Backfill Vulnerability merge request links
What does this MR do and why?
Related to Database 2/2: Add hasMergeRequest filter to Vul... (#421736 - closed).
Database review
This MR introduces a post-deployment migration to schedule the background jobs.
Output of the post-deployment migration
rake db:migrate:up
main: == 20230907155247 QueueBackfillHasMergeRequestOfVulnerabilityReads: migrating =
main: == 20230907155247 QueueBackfillHasMergeRequestOfVulnerabilityReads: migrated (0.1722s)
rake db:migrate:down
main: == 20230907155247 QueueBackfillHasMergeRequestOfVulnerabilityReads: reverting =
main: == 20230907155247 QueueBackfillHasMergeRequestOfVulnerabilityReads: reverted (0.0252s)
Update query used in background migration
UPDATE
vulnerability_reads
SET
has_merge_request = true
FROM
(SELECT "vulnerability_reads".* FROM "vulnerability_reads" INNER JOIN vulnerability_merge_request_links ON
vulnerability_reads.vulnerability_id =
vulnerability_merge_request_links.vulnerability_id WHERE "vulnerability_reads"."vulnerability_id" BETWEEN 1 AND 11513 AND "vulnerability_reads"."vulnerability_id" < 812) as sub_query
WHERE
vulnerability_reads.vulnerability_id = sub_query.vulnerability_id
ModifyTable on public.vulnerability_reads (cost=63.05..596.56 rows=1 width=183) (actual time=74.864..74.868 rows=0 loops=1)
Buffers: shared hit=69 read=71
I/O Timings: read=74.132 write=0.000
-> Nested Loop (cost=63.05..596.56 rows=1 width=183) (actual time=74.861..74.864 rows=0 loops=1)
Buffers: shared hit=69 read=71
I/O Timings: read=74.132 write=0.000
-> Merge Join (cost=62.49..592.98 rows=1 width=28) (actual time=74.860..74.861 rows=0 loops=1)

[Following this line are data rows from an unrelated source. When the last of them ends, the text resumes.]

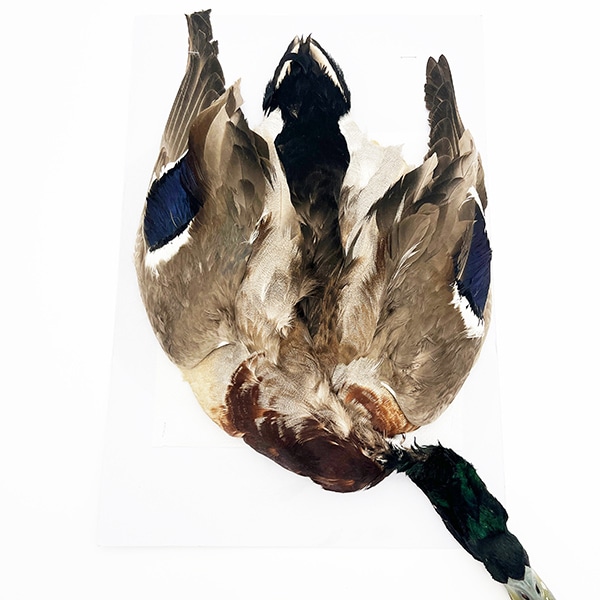 CANALҡޥ顼ɡץ꡼ȥ [CN187]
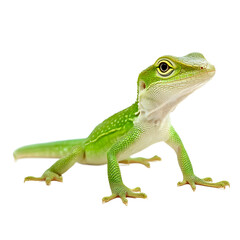 Naklejka premium Vibrant Green Lizard Close-up Against Transparent Background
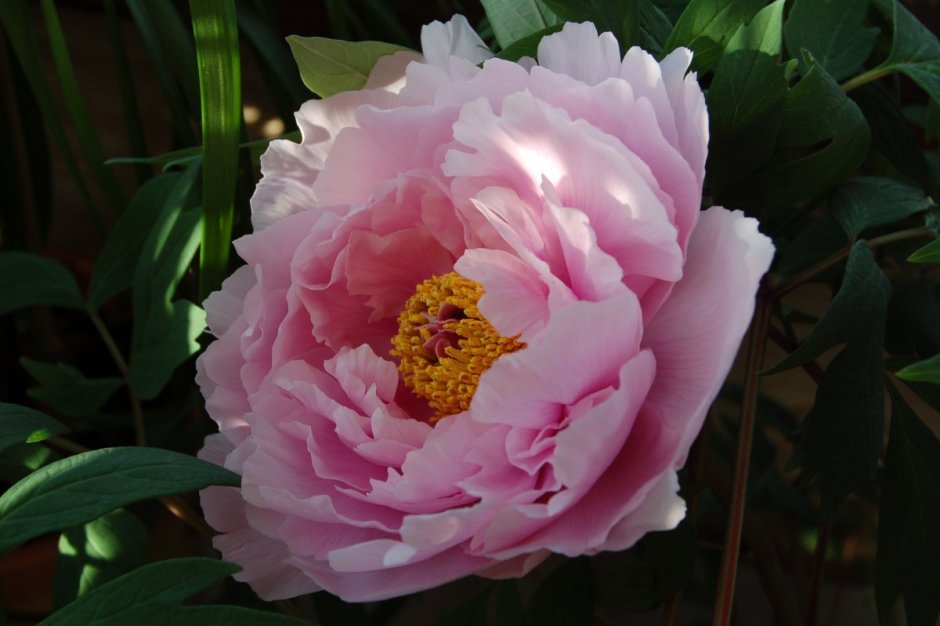 Пион травянистый розовый будда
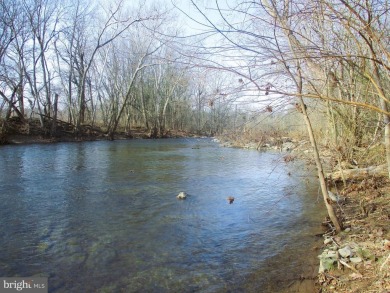 (private lake, pond, coastal) Lot For Sale in Mount Jackson Virginia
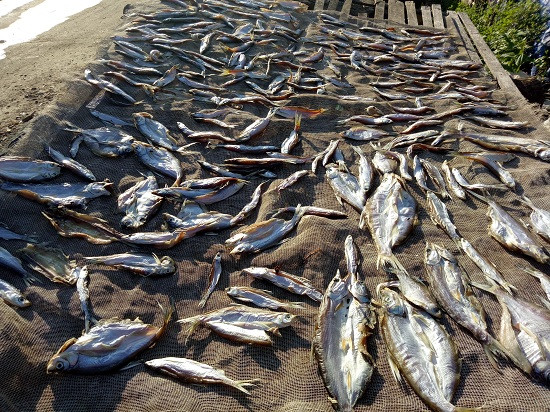 Cá được phơi khô thật kỹ trước khi bán cho các thương lái.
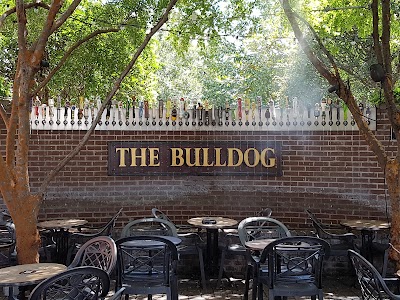 The Bull Dog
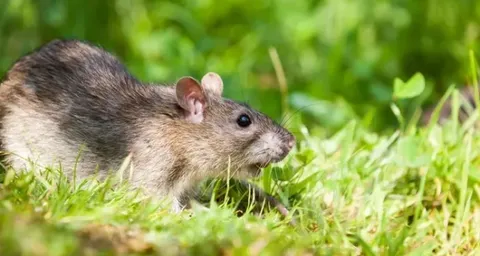Effective Ways to Get Rid of Rats from Your Garden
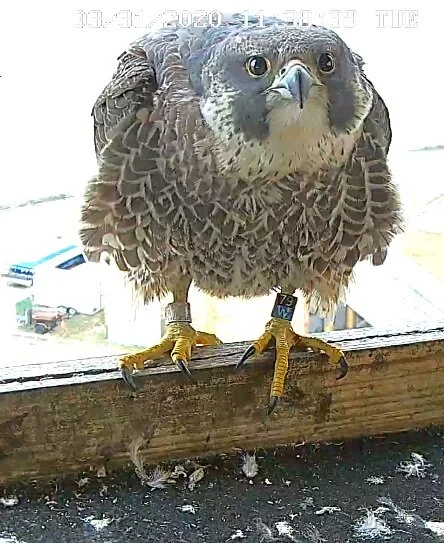 Veolia Water Site - Milwaukee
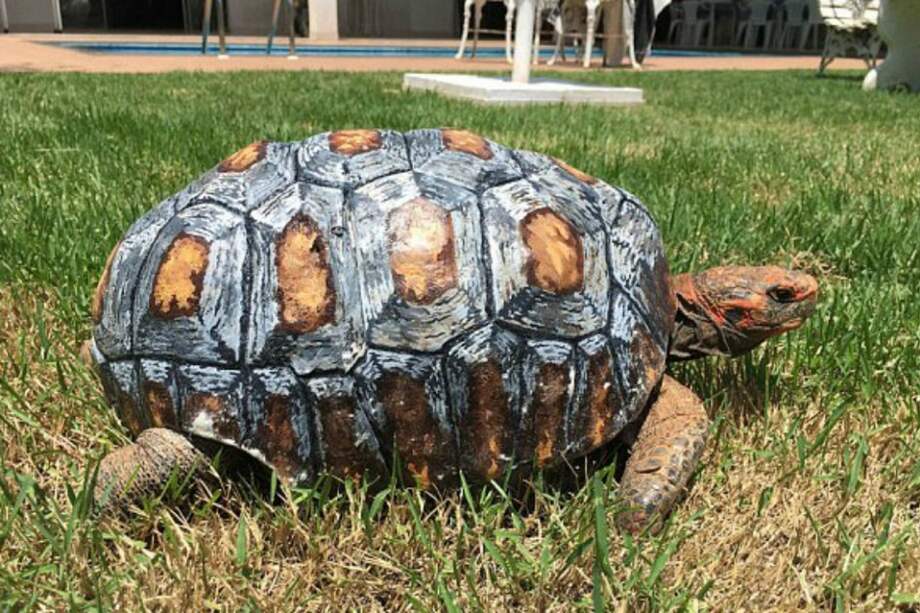 / Youtube: Inside Edition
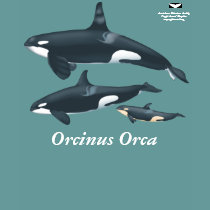 Orca Family T-shirt with scientific name by acspugetsound Orca Family T-shirt with scientific name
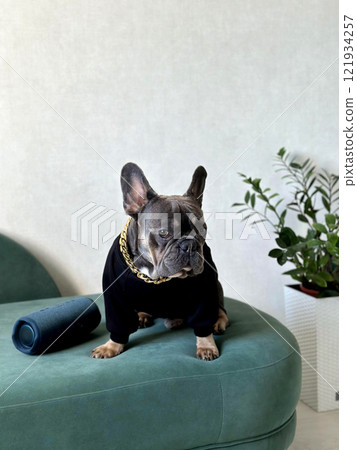 French Bulldog dressed in a black sweater sits on a green couch beside a plant, showcasing a trendy home decor vibe French Bulldog dressed in a black sweater sits on a green couch beside a plant, showcasing a trendy home decor vibe 121934257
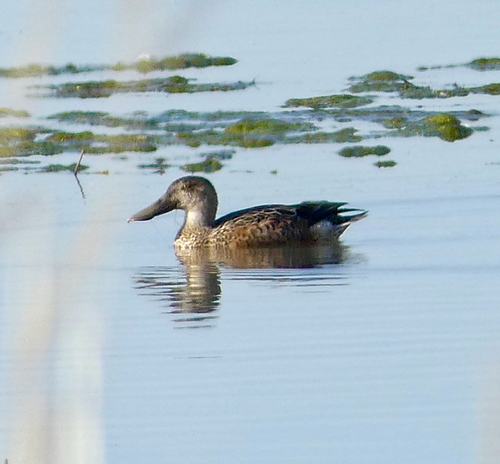 Northern Shoveler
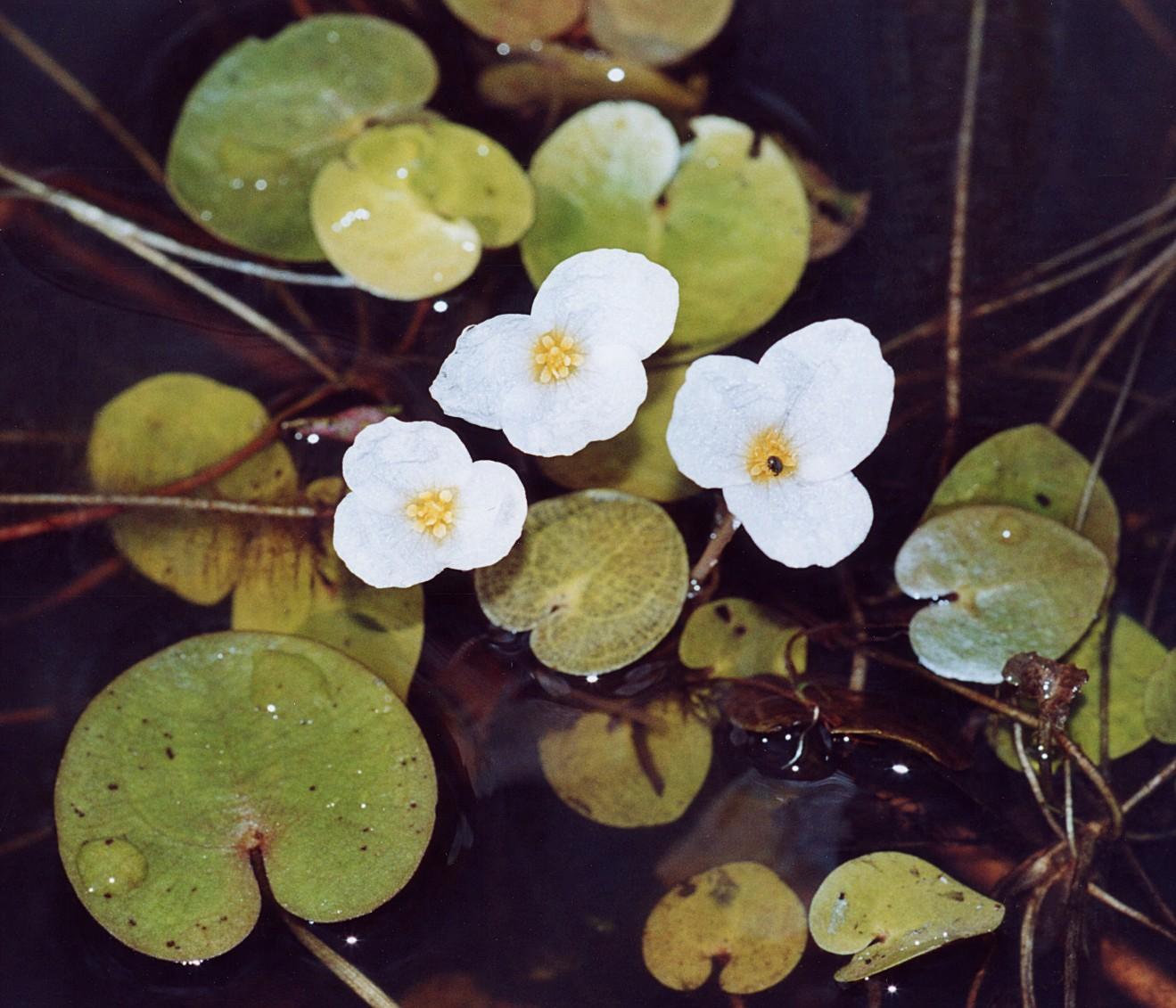 Водокрас лягушачий (Водокрас обыкновенный)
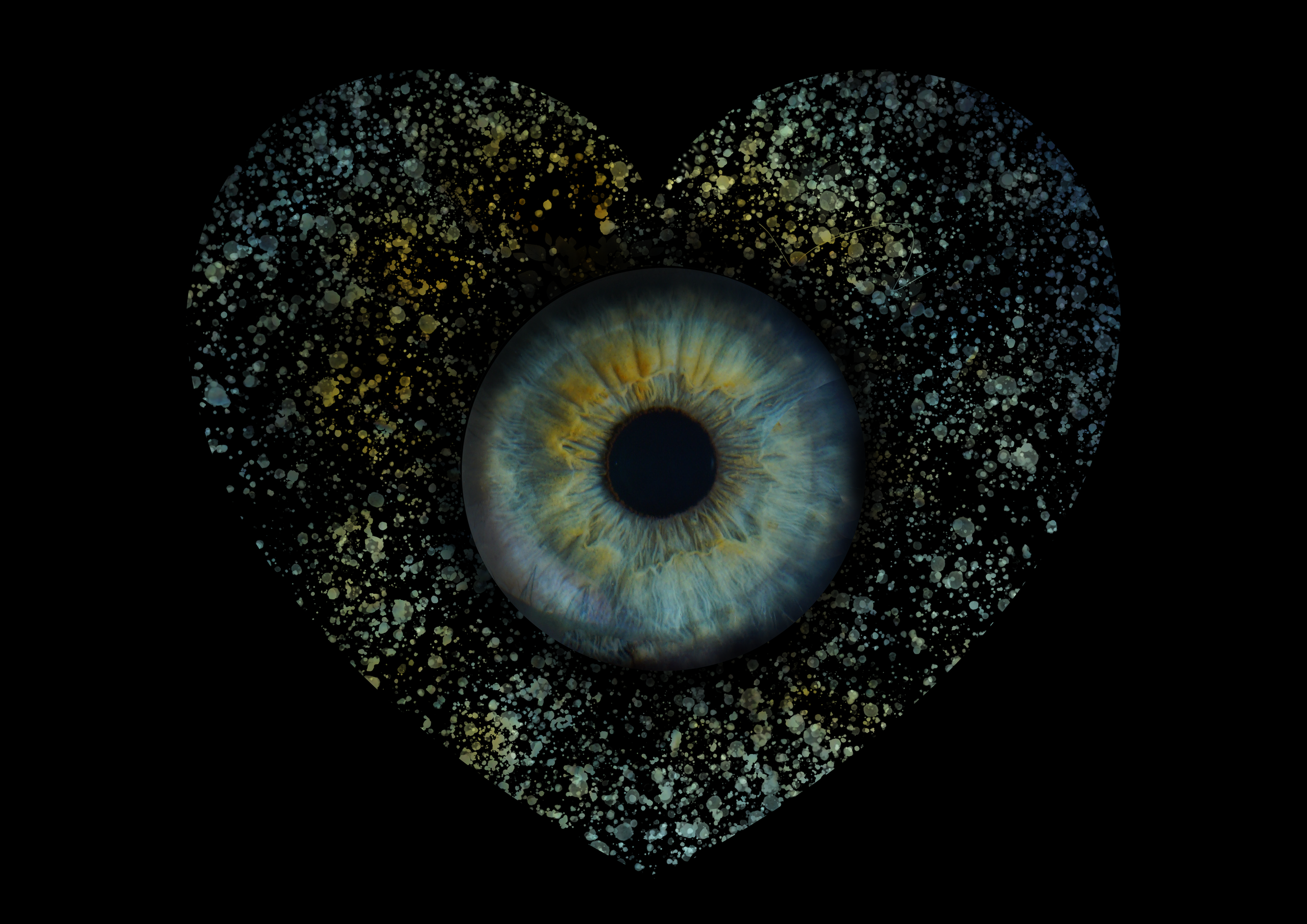 Анжела 11021930. ShowLab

Merge Cond: (vulnerability_reads_1.vulnerability_id = vulnerability_merge_request_links.vulnerability_id)
Buffers: shared hit=69 read=71
I/O Timings: read=74.132 write=0.000
-> Index Scan using index_vulnerability_reads_on_vulnerability_id on public.vulnerability_reads vulnerability_reads_1 (cost=0.57..579.32 rows=686 width=14) (actual time=1.818..74.805 rows=199 loops=1)
Index Cond: ((vulnerability_reads_1.vulnerability_id >= 1) AND (vulnerability_reads_1.vulnerability_id <= 11513) AND (vulnerability_reads_1.vulnerability_id < 812))
Buffers: shared hit=67 read=71
I/O Timings: read=74.132 write=0.000
-> Index Scan using unique_vuln_merge_request_link_vuln_id_and_mr_id on public.vulnerability_merge_request_links (cost=0.15..14.65 rows=264 width=14) (actual time=0.012..0.012 rows=1 loops=1)
Buffers: shared hit=2
I/O Timings: read=0.000 write=0.000
-> Index Scan using index_vulnerability_reads_on_vulnerability_id on public.vulnerability_reads (cost=0.57..3.58 rows=1 width=170) (actual time=0.000..0.000 rows=0 loops=0)
Index Cond: (vulnerability_reads.vulnerability_id = vulnerability_reads_1.vulnerability_id)
I/O Timings: read=0.000 write=0.000
https://console.postgres.ai/gitlab/gitlab-production-tunnel-pg12/sessions/22008/commands/71210
Time estimations
As of writing, there are 79_709_487 records in the vulnerability_reads
table. This means that we will create 7_971 jobs with a gap of 2 minutes in between each, 7971 * 2 / 60 / 24 = ~11 days
.
Since the update query runs in around 80ms, with the sub batch size of 200, we will be running 50 update queries for each background job so 50 * 80 = 4 seconds
. With the additional overheads of executing each iteration, it's really likely to stay in 1 to 2 minutes for each job.
Also from sampling, DB testing job reports: Estimated Time to complete: 1 week, 3 days, 20 hours, and 34 minutes. Details in !130952 (comment 1550881529)
MR acceptance checklist
This checklist encourages us to confirm any changes have been analyzed to reduce risks in quality, performance, reliability, security, and maintainability.
-
I have evaluated the MR acceptance checklist for this MR.